Data:

──────

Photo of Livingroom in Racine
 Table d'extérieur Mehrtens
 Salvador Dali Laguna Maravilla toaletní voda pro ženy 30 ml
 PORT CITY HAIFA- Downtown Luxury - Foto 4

──────

What the exercise asks:
The entire listing is to be reproduced without alteration.

Result:
Photo of Livingroom in Racine
 Table d'extérieur Mehrtens
 Salvador Dali Laguna Maravilla toaletní voda pro ženy 30 ml
 PORT CITY HAIFA- Downtown Luxury - Foto 4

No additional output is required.